As described above and shown in FIG. 1, the complex (100) includes a pre-fetch module (110) responsible for performing pre-fetching analysis. More specifically, in one embodiment of the invention, the pre-fetch module (110) includes functionality to receive requests (106) from the network and perform pre-fetching analysis using the request (106) (discussed below in FIG. 2). The pre-fetch module (110) may be a network component, a processor, a pre-processor, a software module, or any other component capable of performing analysis using a request (106). Accordingly, the use of the term “module” is not intended to be limited to a physical component and one skilled in the art can appreciate that the pre-fetch module may take many different forms.

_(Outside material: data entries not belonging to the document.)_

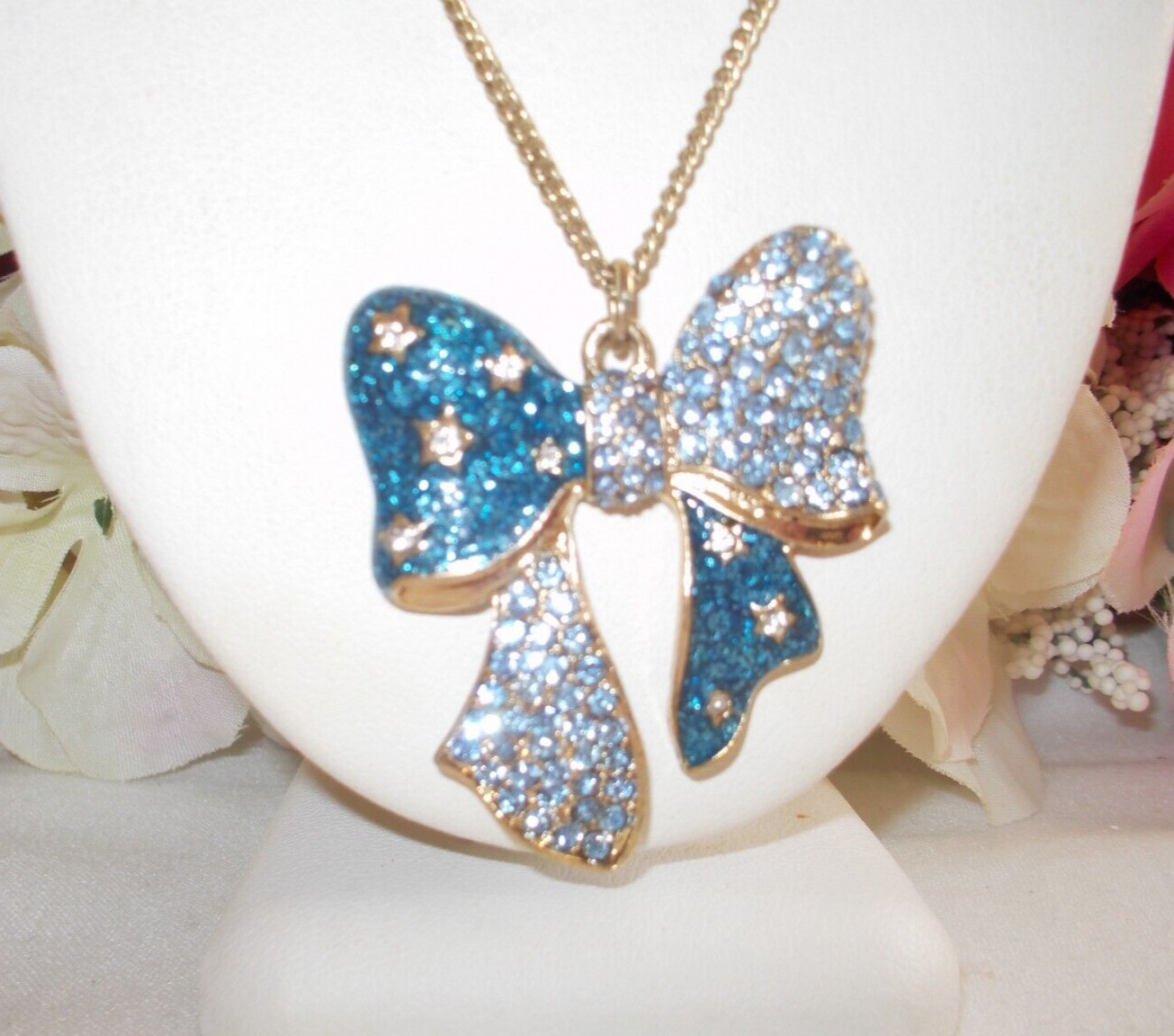 BETSEY JOHNSON LOVELY BLUE HEAVEN’S TO BETSEY PAVE CRYSTAL INLAY BOW NECKLACE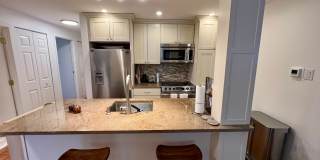 Gorgeous 2-Bed/2-Bath Condo in the Heart of Old City! Available August 1st! Gallery 22
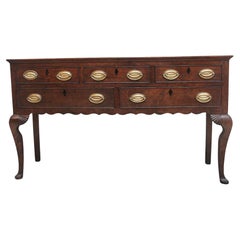 Eichenholzkommode aus dem 18. Jahrhundert aus der georgianischen Ära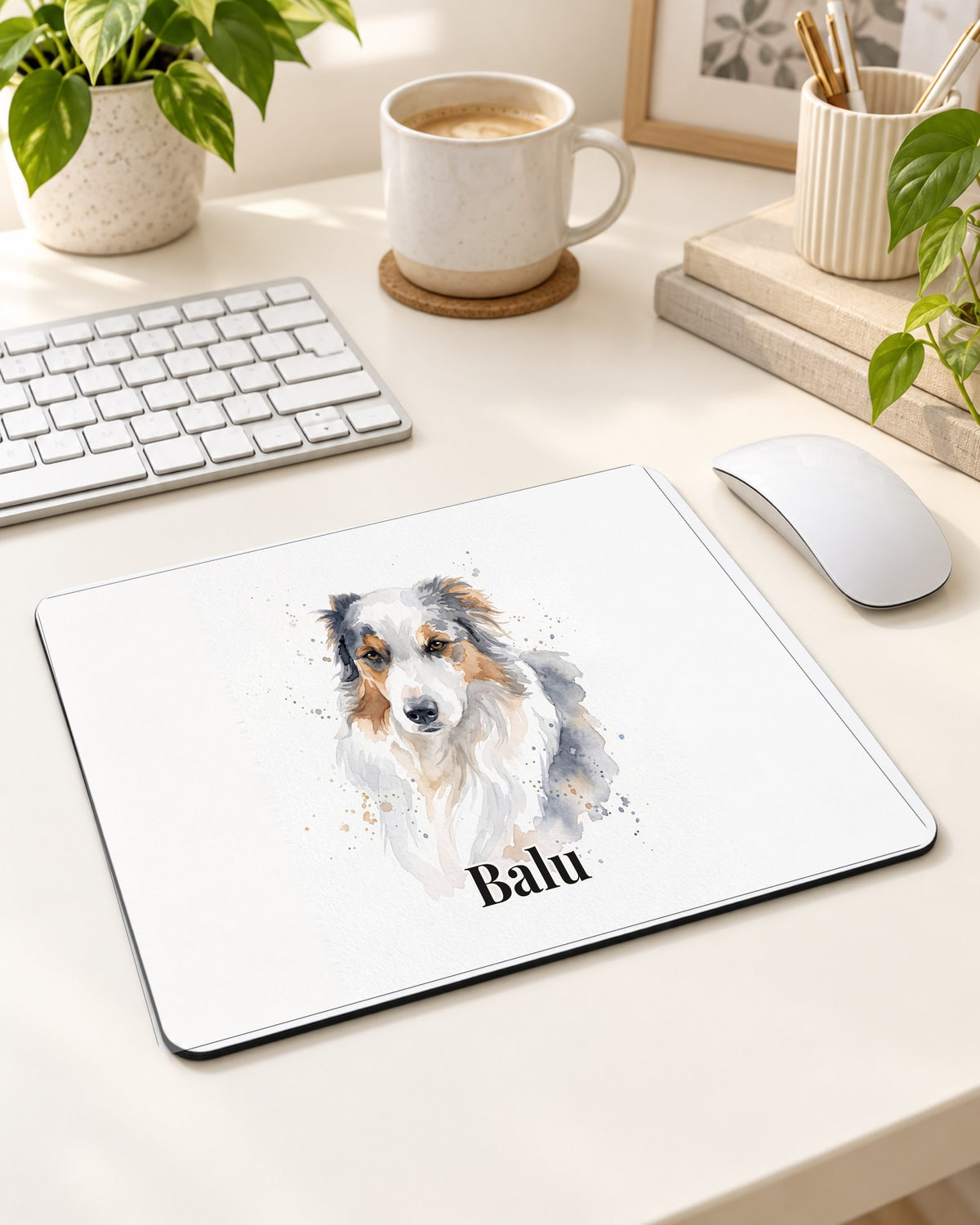 Mauspad mit deinem Hund im Aquarell-Stil mit Namen Balu auf dem Schreibtisch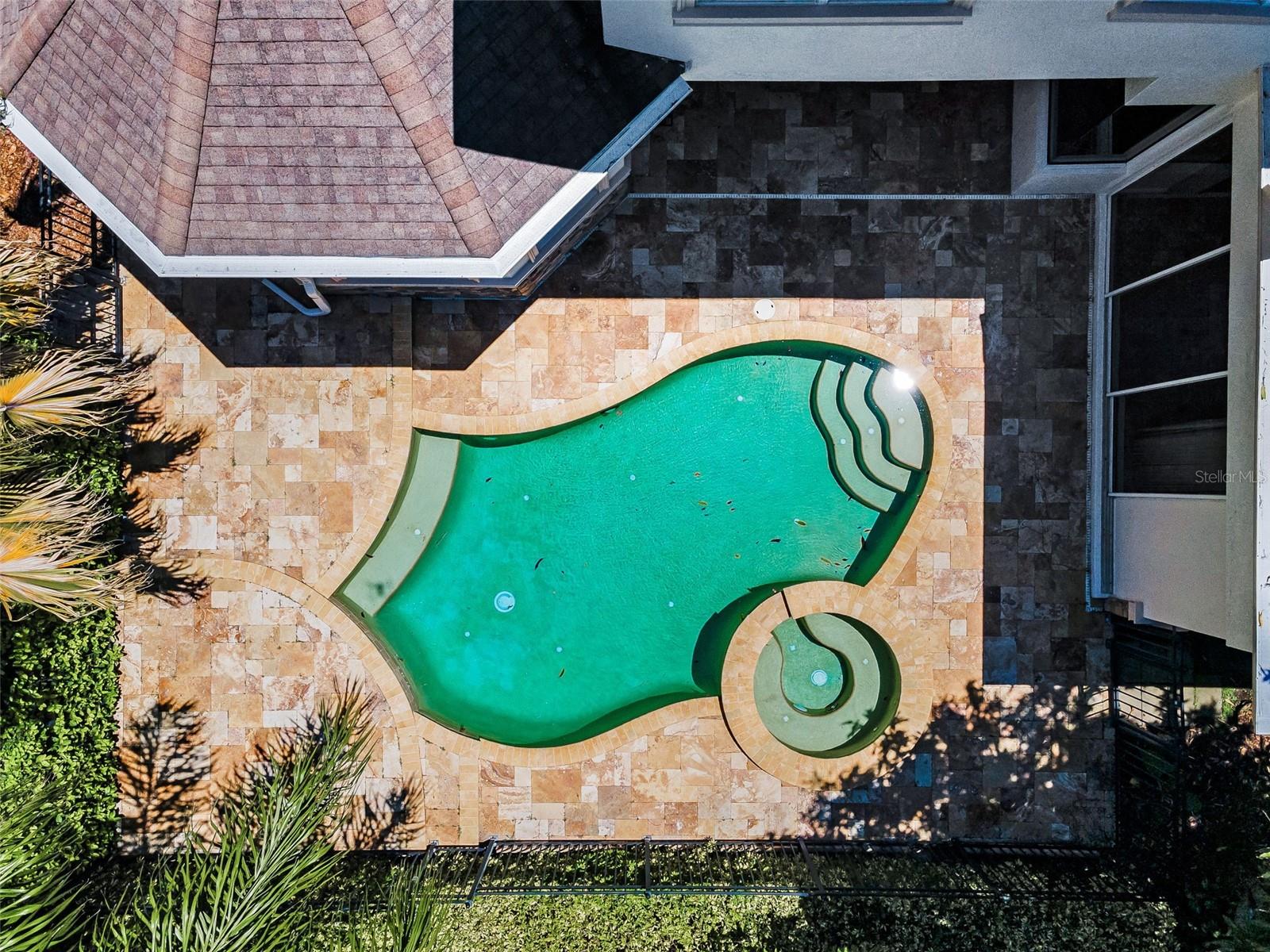 CHAMPIONS CLUB - Residential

Further, in one embodiment of the invention, the pre-fetch module (110) includes functionality to send a pre-fetch request (108) to the storage subsystem (102). The pre-fetch request (108) is a request for resources (107) that is sent to the storage subsystem (102) based on the pre-fetching analysis performed using the request (106). Additionally, the pre-fetch module (110) sends the request (106) received from the network to a processor (e.g., Processor 1 (112), Processor 2 (114)). Further, in one embodiment of the invention, the pre-fetch module may perform a remote external data access to obtain resources that may be moved within the storage subsystem so that the resources are closer to a processor.

In one embodiment of the invention, the storage subsystem (102) as shown in FIG. 1 is a large portion of memory used to store the resources (107) necessary to respond to and execute requests. In one embodiment of the invention, the storage subsystem (102) may include a cache hierarchy (104). The cache hierarchy (104) enables frequently accessed information to be in closer proximity to the processor (e.g., Processor 1 (112), Processor 2 (114)) by placing caches in a hierarchical structure of the storage subsystem (102). For example, the cache hierarchy (104) may include disk drives at the bottom of the cache hierarchy (104), a database cache in the intermediate level of the cache hierarchy (104), and an entry cache at the top of the cache hierarchy (104). Thus, frequently accessed information may be placed in the entry cache (i.e., higher level), while information that is less frequently accessed may be stored at the disk drive level of the hierarchy (i.e., lower level). In one embodiment of the invention, the cache hierarchy (104) shown in FIG. 1 may function as the shared cache (120). In this case, all the resources (107) deemed responsive to the pre-fetch request (108) from the storage subsystem (102) may be placed in the top cache of the cache hierarchy (104). In this manner, processors (e.g., Processor 1 (112), Processor 2 (114)) may obtain the response to the request (106) from the cache hierarchy (104).

The storage subsystem (102) includes functionality to handle multiple requests for the same information that may be sent from both a processor (e.g., Processor 1 (112), Processor 2 (114)) and the pre-fetch module (110). For example, if the pre-fetch module (110) performs pre-fetching analysis using a request (106), and subsequently forwards the pre-fetch request (108) to the storage subsystem (102), a request (106) for the same resources (107) may also be sent to the storage subsystem (102) by the processor executing that particular request (106) or a related request (106). The storage subsystem (102) is able to resolve any resulting conflicts in a manner known in the art.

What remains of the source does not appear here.